Twitchは10月21日、「同時配信に関するガイドライン」を更新した。一定の条件のもと、あらゆるライブストリーミング配信プラットフォームで同時配信を認める内容となっている。
Twitchは現地時間10月22日までコンベンション「TwitchCon」を開催中。そのなかで「同時配信に関するガイドライン」が改訂され、あらゆるライブストリーミング配信プラットフォームで同時配信が認められることが発表された。英語版ガイドラインはさっそく改訂されている。なお新たなガイドラインはTwitchとの独占契約を結んでいない限りすべてのストリーマーに適用されるとのことで、配信を収益化しているユーザーも同時配信が可能になると見られる。
また改訂後のガイドラインには、同時配信における新たな取り決めも設けられている。まず同時配信においてTwitchユーザーが体験する品質が、ほかのプラットフォームやサービスでの体験に劣らないようにすることが第一に掲げられている。たとえば画面解像度をほかのプラットフォームよりも劣らせることは禁止。またチャットなどにおける、配信者とTwitchコミュニティとの関わり方もこの規定に含まれているそうだ。つまりほかのプラットフォームでのユーザーとの交流を優先してTwitchユーザーとの交流は二の次にする、といった状況はガイドラインに反するわけだろう。
さらにTwitchとほかのプラットフォームにおけるアクティビティを統合するようなサードパーティ製サービスを利用して視聴者に見せることも禁止されている。たとえば、Twitchと別のプラットフォームのチャット欄を統合するサービスを用いて視聴者に見せる行為は禁止対象となるようだ。ただし個人的に利用する分には自由とされており、あくまでそうしたサービスを視聴者に見える状態にすることが禁止される。
また配信者がTwitchとは違うサービスで視聴するようにリンクを貼ったりして誘導することも禁止とのこと。
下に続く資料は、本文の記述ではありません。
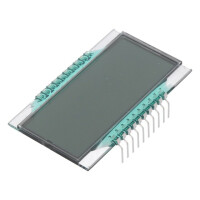 DE 161-RS-20/7,5 (3 VOLT) DISPLAY ELEKTRONIK, Display: LCD (DE161-RS-20/7.5-3)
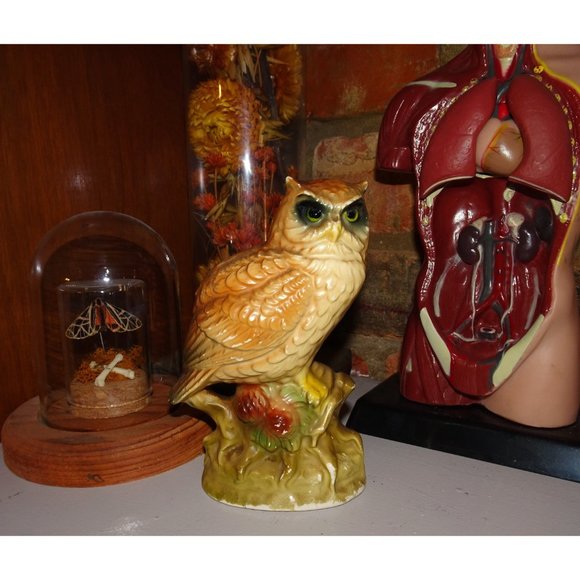 Vintage Ceramic Great Horned Owl Figurine 1960s collectible kitsch retro - Picture 6 of 12
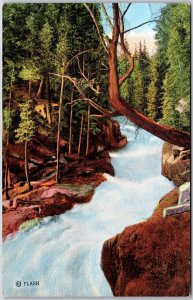 Wyoming, Lake Creek Rapids, Red Lodge HighRoad, Yellowstone Nat'l Park, Postcard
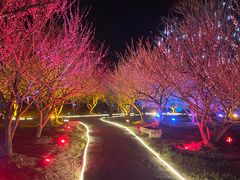 -香雪海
ただしチャンネルページの「About」欄に外部リンクを設けることは可能であり、放送中のチャット欄などで誘導した場合に違反行為とみなされるようだ。一連のガイドラインに違反した場合、Twitch運営からの警告の後、強制的な措置がとられると示されている。
Twitchでは今年6月、「ブランドコンテンツに関するガイドライン」や「同時配信に関するガイドライン」といったガイドラインの更新がおこなわれた。6月の更新以前には「同時配信に関するガイドライン」では、アフィリエイトプログラムに登録し、配信を収益化しているユーザーのみが、Twitch以外のライブ配信サイトとの同時配信を禁止されていた。一方で6月の更新後はほぼすべてのユーザーが同時配信禁止となった。
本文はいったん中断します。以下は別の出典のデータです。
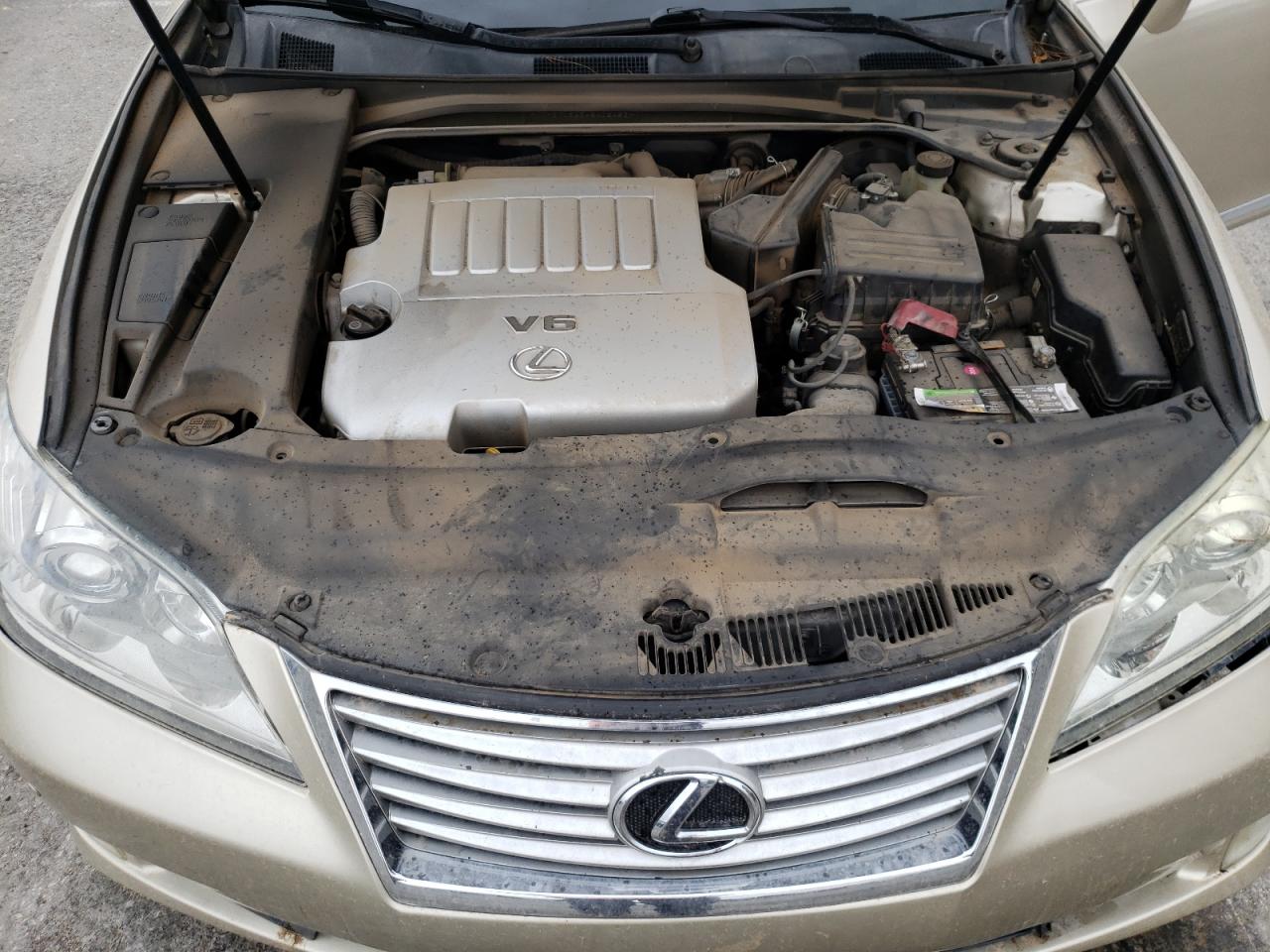 2010 Lexus Es 350 VIN: JTHBK1EG3A2402453 Lot: 54005504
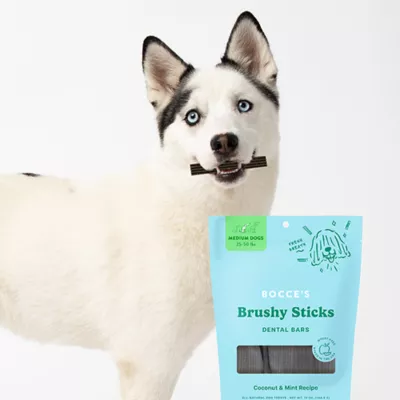 Product Bocce's Brushy All Life Stages Dental Sticks Dog Treats 13 OZ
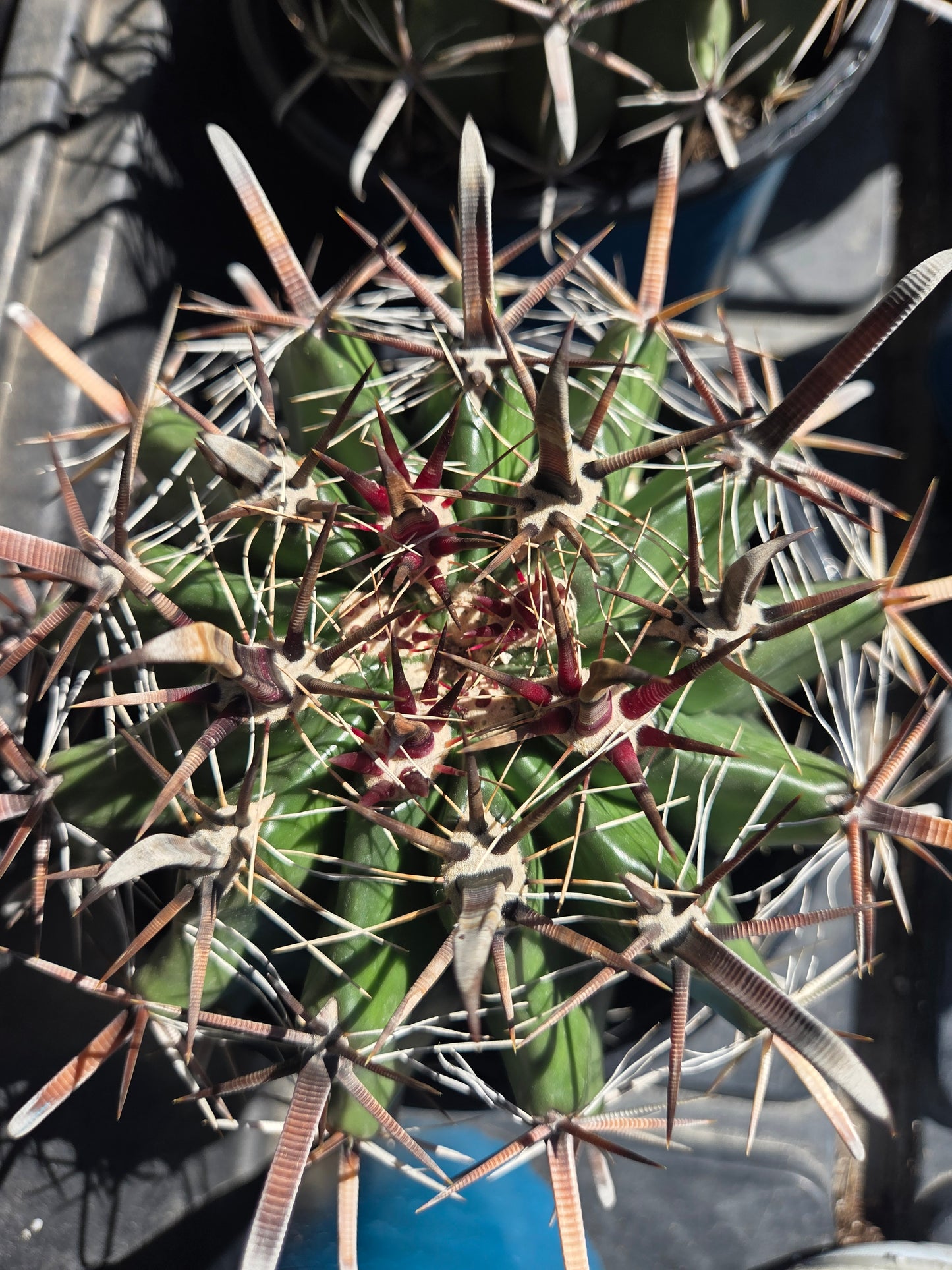 Fishhook Barrel Cactus "Ferocactus Wislizeni" (1 Gal. Pot)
「ブランドコンテンツに関するガイドライン」については、厳しい制限・禁止事項が設けられたことから批判が殺到。そうした声を受けて同ガイドラインは改訂され、批判を受けたライブ配信画面内のスポンサー広告に関する制限・禁止事項が撤廃された(関連記事)。
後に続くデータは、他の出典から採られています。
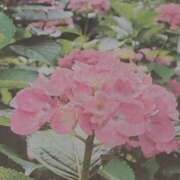 ヒメ日記 2025/05/31 07:58 投稿 さつき 熟女の風俗最終章 沼津店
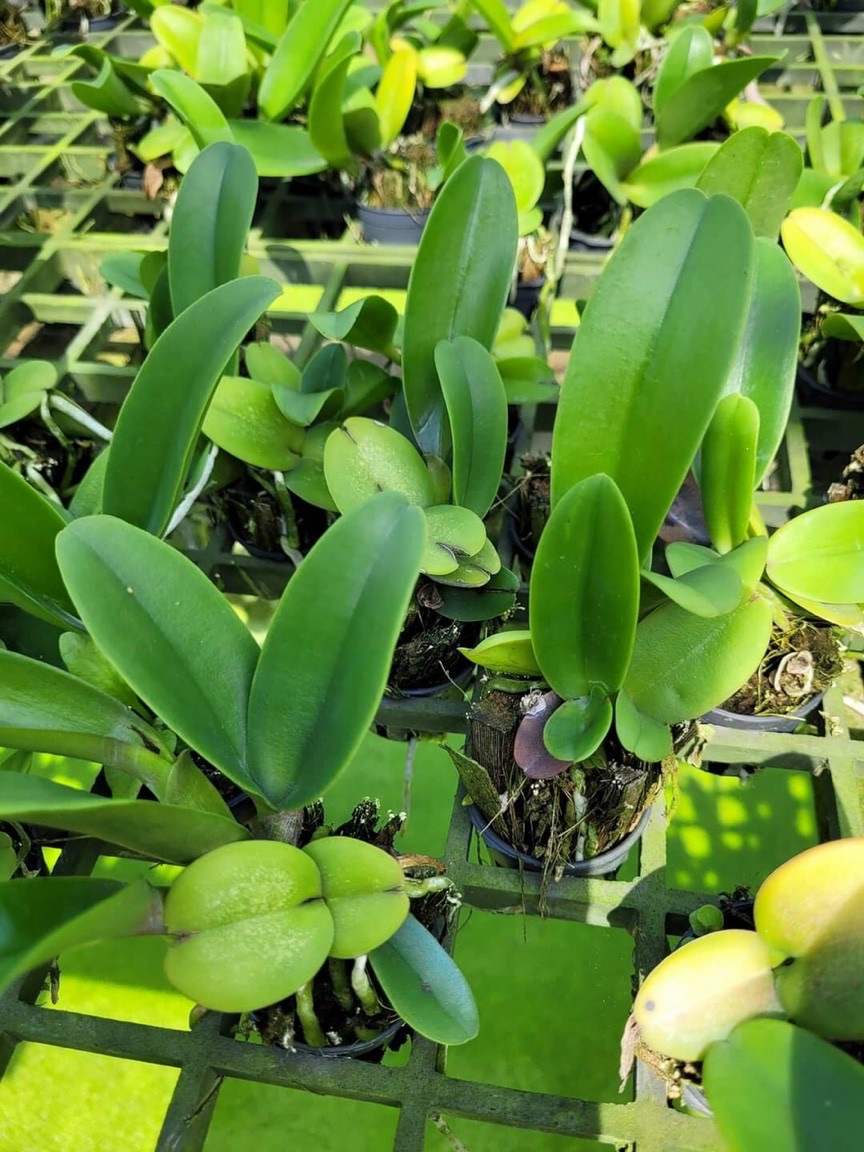 Catt tainwan gold giống
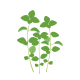 VERITABLE Lingot® Pennyroyal Mint - Кралска Мента
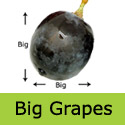 Regent vine provides large grapes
一方で、ほぼすべてのユーザーが同時配信禁止となる「同時配信に関するガイドライン」の更新については据え置かれていた。今回のガイドライン更新により、同時配信の制限が一気に撤廃されるわけだ。同時配信を要望するTwitchユーザーも多かったと見られ、反響が寄せられている。なおモバイル版Twitchアプリでのストリーミング配信では、昨年のポリシー変更によりTikTokやInstagramといったほかのプラットフォームとの同時配信も認められていた。このたびPCでの同時配信も解禁されるかたちだ。
昨今ではTwitchと並んで人気を博すYouTubeライブに加え、新たな配信プラットフォームKickも台頭している。そうした中でおこなわれたTwitchでの同時配信の制限撤廃は、ユーザーにとって配信プラットフォームの選択肢が広がる嬉しい変化となりそうだ。なおTwitch側では同時配信が認められるようになったものの、外部プラットフォーム側で同時配信が認められていないケースも考えられる。同時配信を予定している場合は利用中のプラットフォームの利用規約などを確認しておくといいだろう。